* _WORK ORDER_
Exactly the lines below, starting with the one containing "苏教版高中通用技术 必修2 3.2系统的分析（课件）03" and going on through the one containing "Последствия обстрела Донецка. Фото: СЦКК", must be reproduced, both ends included, and no pictures with them.

* _STORED DATA_
───

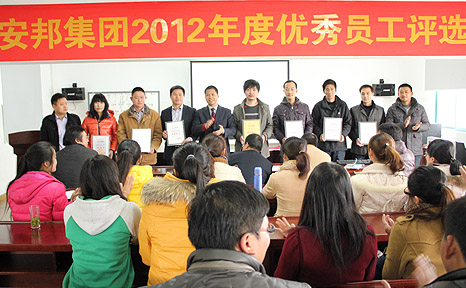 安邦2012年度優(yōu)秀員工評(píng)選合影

───

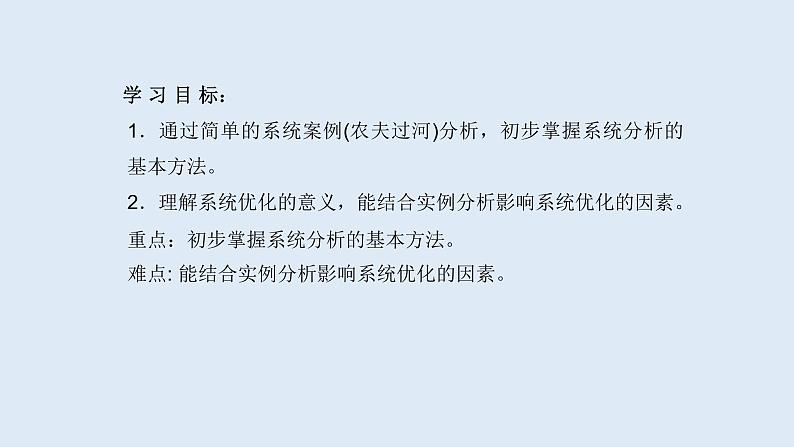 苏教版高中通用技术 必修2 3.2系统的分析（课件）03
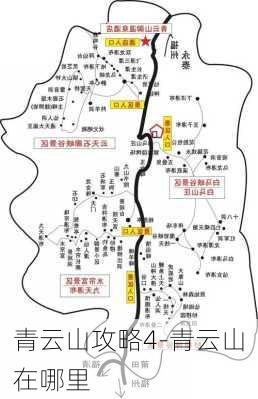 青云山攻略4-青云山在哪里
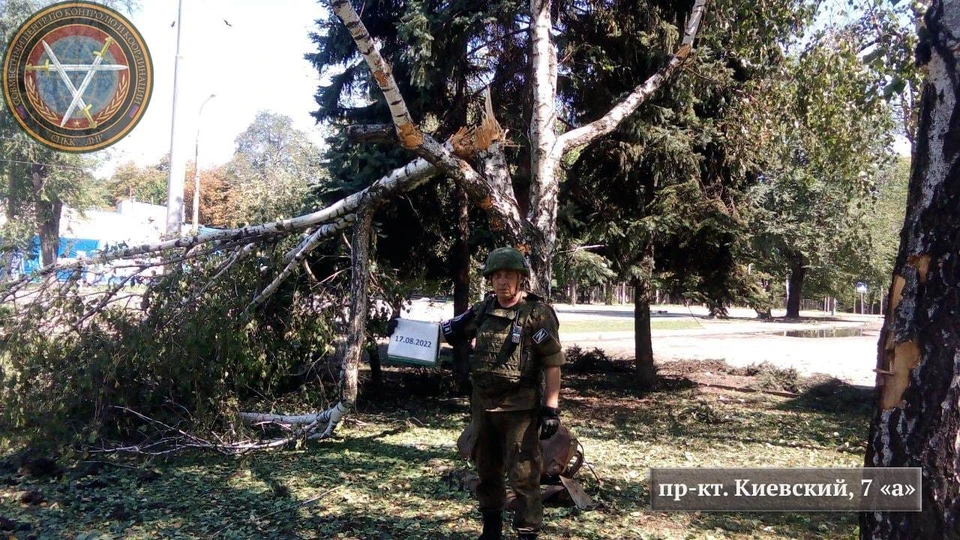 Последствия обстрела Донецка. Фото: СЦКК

───

* _OUTPUT FOR THIS TASK_
 苏教版高中通用技术 必修2 3.2系统的分析（课件）03
 青云山攻略4-青云山在哪里
 Последствия обстрела Донецка. Фото: СЦКК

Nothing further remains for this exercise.